The Willis Organ
The cathedral's organ was built by Henry Willis in 1892, replacing an earlier instrument by Gray & Davison dating from 1862–64. The pipe-rack which forms the case of today's instrument also dates from the time of the Gray & Davison instrument and was designed by Gilbert Scott. The console was orginally situated within the organ case and the instrument was the first cathedral organ in the country to have adjustable pistons, which had recently been invented by Willis.
Further modifications were made in 1909 by Henry Willis II, including the addition of 32 ft Bombarde and 16 ft Ophicleide stops to the Pedal organ. By 1933 the organ's pneumatic actions was wearing out and the instrument was rebuilt in a conservative fashion by Henry Willis III.

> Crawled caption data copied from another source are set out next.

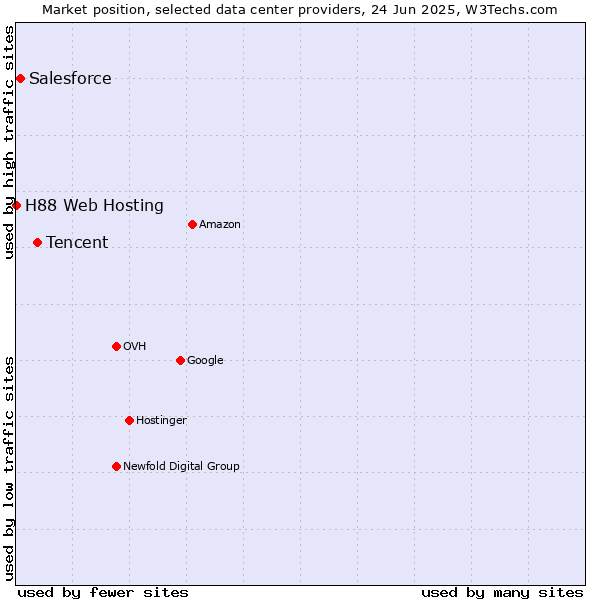 Market position of Tencent vs. Salesforce vs. H88 Web Hosting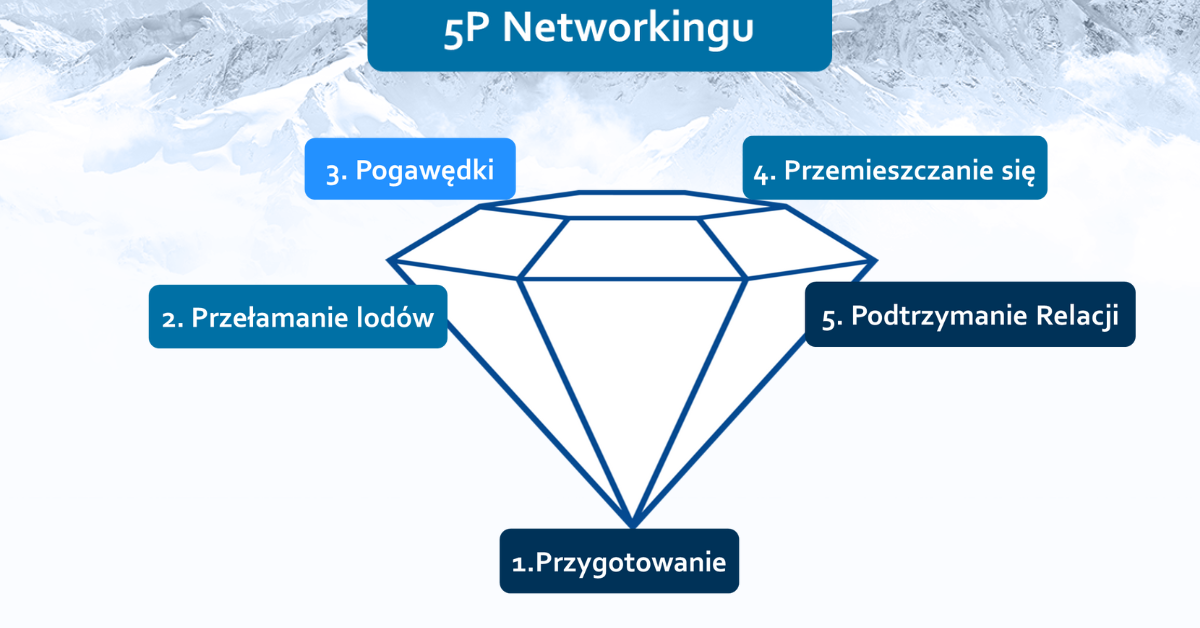 Linkedin - personalny - prostokąt 1200x628px (Post na Instagram (Kwadrat)) (3)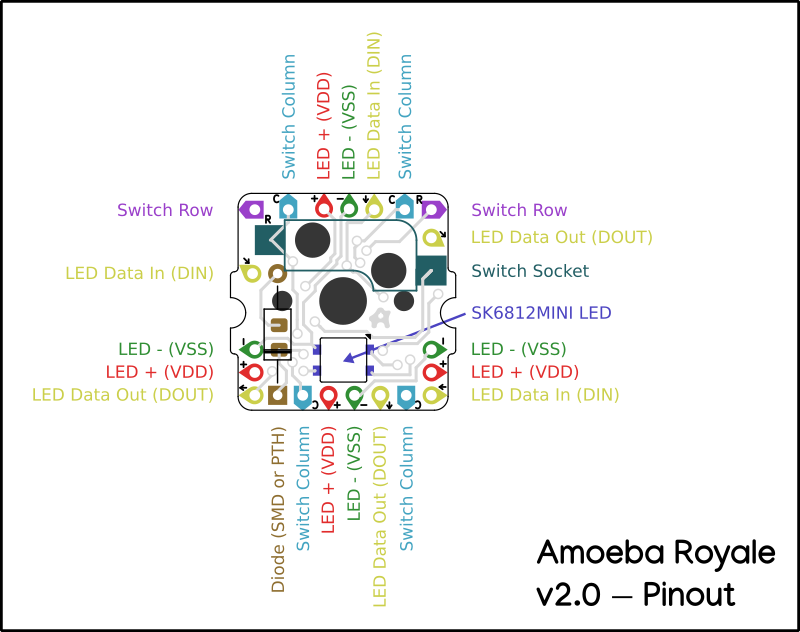 amoeba-2.0-pinout.svg.png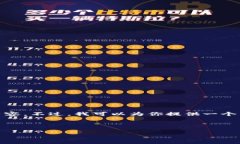 由于字数限制，我无法一次性提供完整的内容。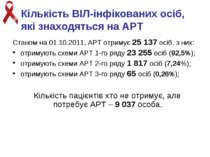 Кількість ВІЛ-інфікованих осіб, які знаходяться на АРТ Станом на 01.10.2011, ...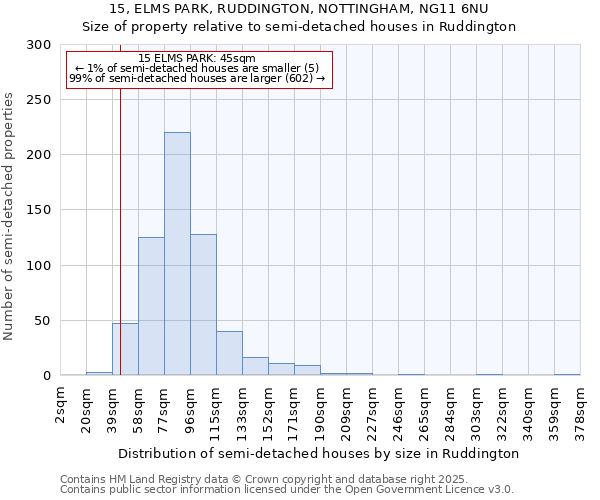 15, ELMS PARK, RUDDINGTON, NOTTINGHAM, NG11 6NU: Size of property relative to detached houses in Ruddington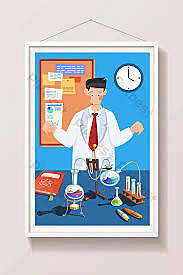 Colombia - Laboratorio Psicometrico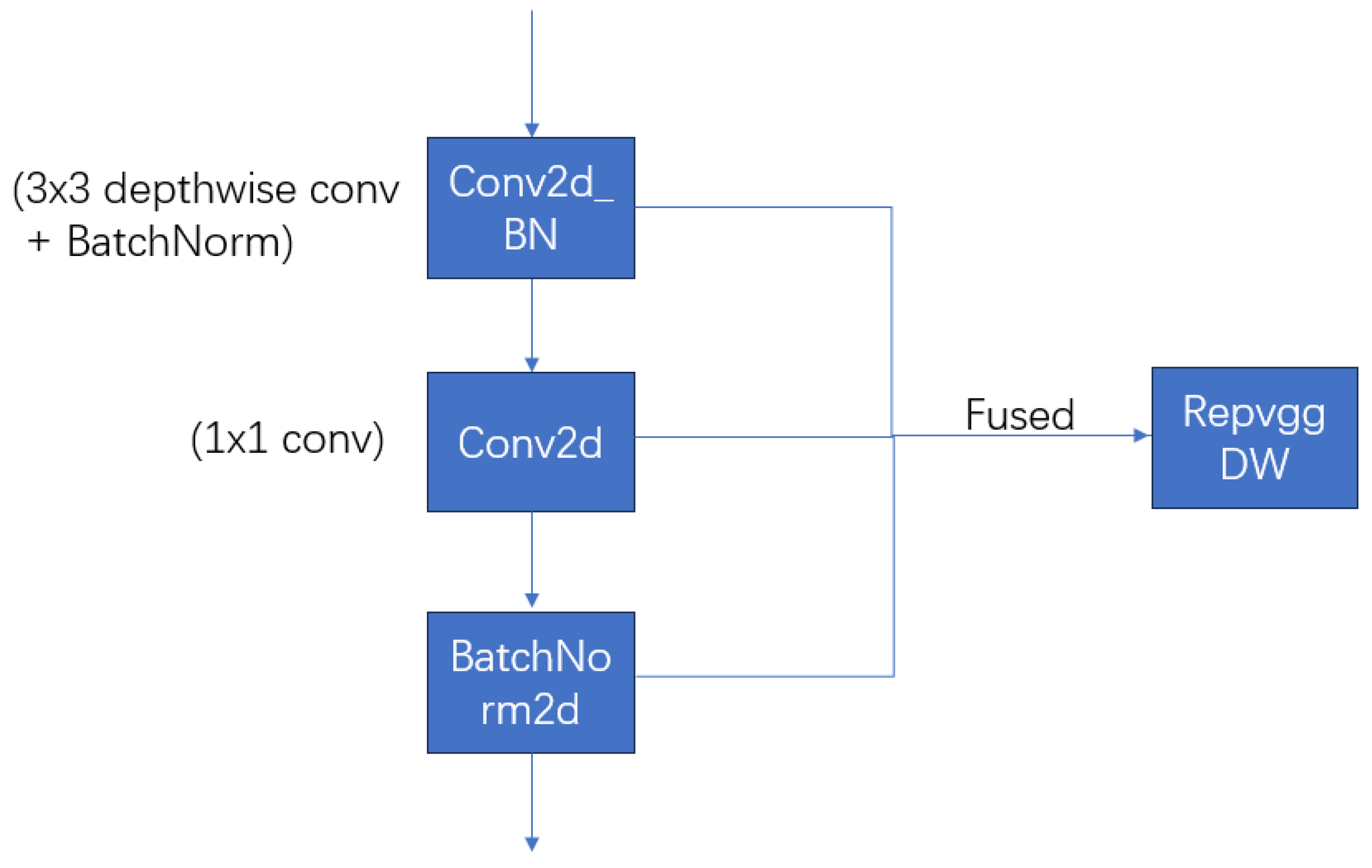 Computation 12 00201 g003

A new detached console in the characteristic style of the builder was provided, positioned on the north side of the choir, opposite the case. The few tonal changes at that time included the addition of mutations on the Choir organ, and enclosure of the flutes on the Solo organ.
Over forty years of daily service later the instrument was again in need of attention; amongst other signs of wear and tear the 1930s wiring at the console had become a fire hazard. This time restoration work during 1977–78 was undertaken by the Durham firm of Harrison & Harrison, who have looked after the instrument ever since. Once again, very little was done to the organ tonally, save for the addition to the Pedal organ of two chorus stops, a Schalmei 4 ft reed and a four-rank Mixture. A four-rank Mixture was also added to the Great organ. Today the instrument has four manuals and 67 stops.
During 2004 the instrument once again underwent major re-furbishment supported by the Heritage Lottery Fund. A far more extensive account of the history of both the Willis instrument and earlier organs in the cathedral may be found in Dr Roy Massey's excellent chapter 'The Organs' in Hereford Cathedral: A History (Hambledon Press 2000).